Posted by on Thursday, November 14, 2024 in News.

Kathryn R. Brewer, Sanders Lab

This article was originally published in The Protein Society’s November 2024 Under the Microscope newsletter. It is published here by permission of The Protein Society and the author.

By Kathryn R. Brewer, PhD Candidate in Biochemistry, Sanders Lab


A 20-year-old woman waits to see her gynecologist. For years she has been experiencing troubling symptoms — long menstrual cycles, excess facial hair, weight gain, and most recently, a diagnosis of prediabetes. She hopes that her physician will be able to help her manage her symptoms with a comprehensive diagnosis and intervention plan.

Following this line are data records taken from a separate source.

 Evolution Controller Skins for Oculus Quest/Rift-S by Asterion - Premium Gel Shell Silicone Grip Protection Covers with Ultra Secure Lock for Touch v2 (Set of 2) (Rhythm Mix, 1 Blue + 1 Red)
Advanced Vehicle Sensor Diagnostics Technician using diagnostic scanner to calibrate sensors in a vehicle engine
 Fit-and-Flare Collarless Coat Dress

Instead, what she gets is a cryptic diagnosis, a prescription for birth control, and a recommendation to lose weight, which she has been attempting for years with minimal success. Disheartened, the woman leaves the office with more questions than she came in with, all of which center around her newly diagnosed disorder — PCOS.

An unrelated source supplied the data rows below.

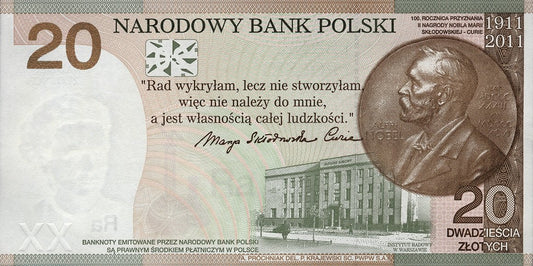 20 zł Maria Skłodowska - Curie - 2011 rok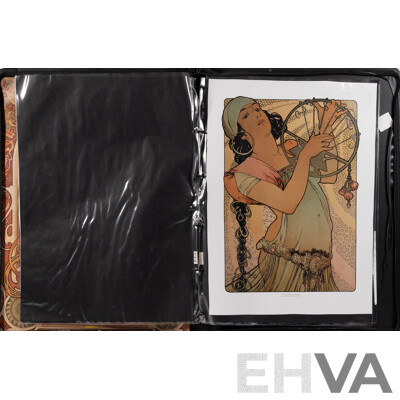 Alfons Mucha, (Czech Born, 1860-1939), Collection of Six Reproduction Poster Prints in Vinyl Artist's Portfolio Carrying Case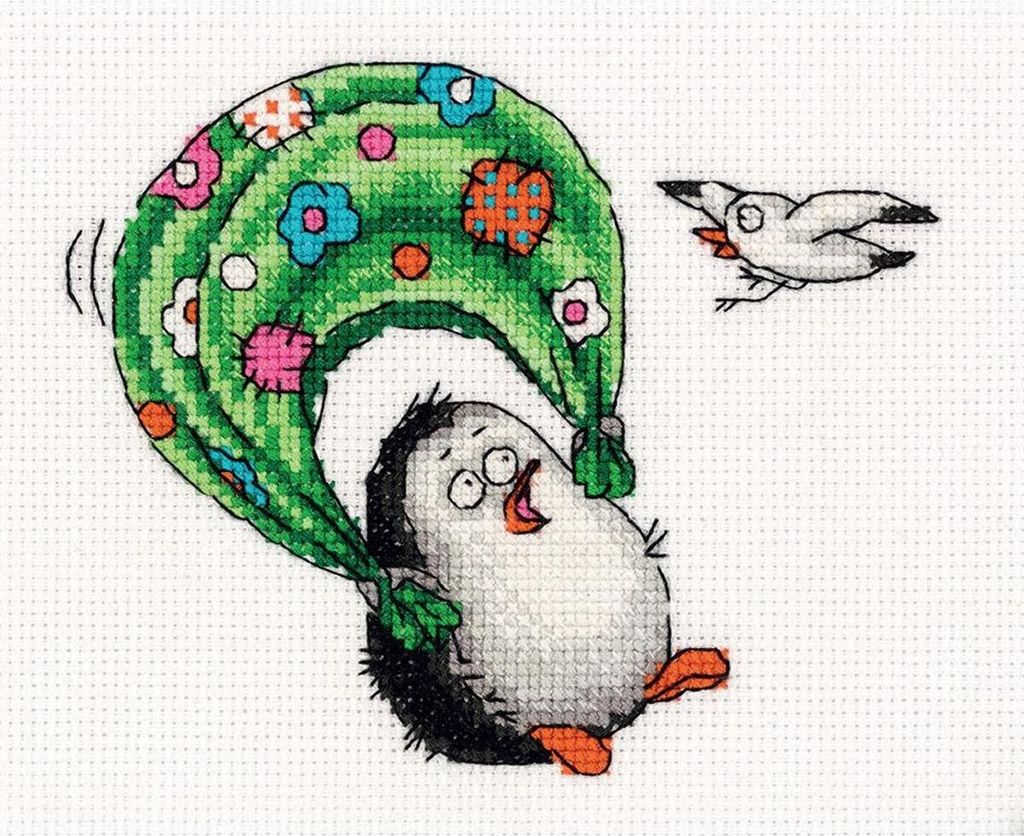 Klart Kreuzstichset "Ich fliege!" 15x12.5cm, Zählmuster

Stories like this one are unfortunately extremely common. Polycystic ovarian syndrome (PCOS) is a complex endocrinological disorder with widespread prevalence, affecting approximately one in ten women worldwide (2). Symptoms frequently include increased androgen levels (hyperandrogenism), infrequent or no ovulation, and physical ovarian cysts in some, but not all, cases (2, 6, 7). Patients with hyperandrogenism—accounting for 70% of all patients (2, 9)—have increased risk of additional health complications (9 – 11), including insulin resistance and type 2 diabetes (10, 12). Treatment for PCOS typically involves extensive lifestyle modification (12) and medications to help manage reproductive symptoms and insulin resistance (13), but there are no treatments that directly target hyperandrogenism. Because of this, women with PCOS often feel unsatisfied with the quality of their care and are belabored by the changes necessary to live out their daily lives (14).

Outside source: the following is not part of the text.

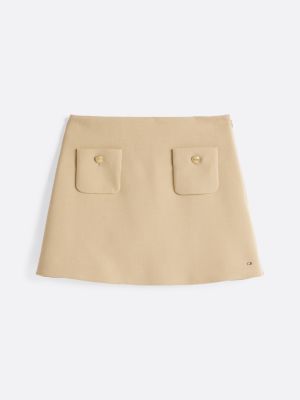 beige button pocket mini skirt for women tommy hilfiger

In an effort to identify molecular drivers of PCOS, multiple genome-wide association studies have been conducted (15), revealing that, like many endocrinological diseases, there is no one clear genetic target for PCOS treatment. However, analysis of primary ovarian theca cells from PCOS patients have provided strong phenotypic indicators of promising targets (16 – 20), including overexpression of mitochondrial steroidogenic enzymes CYP17A1, an enzyme with combined 17α-hydroxylase and 17,20-lyase activities for 17OH-progesterone and 17OH-pregnenolone (21, 22) as well as CYP11A1, the P450 sidechain cleavage enzyme that constitutes the first enzyme in the steroidogenic pathway (22) (Figure 1). Attempts have been made to decrease the activity of these enzymes indirectly using available anti-androgens (23), but have not yet shown satisfactory results. Additionally, anti-androgen use is controversial due to the potential for birth defects (24). Developing specific inhibitors for CYP11A1/CYP17A1 enzymes may thus be a more effective option for treating PCOS.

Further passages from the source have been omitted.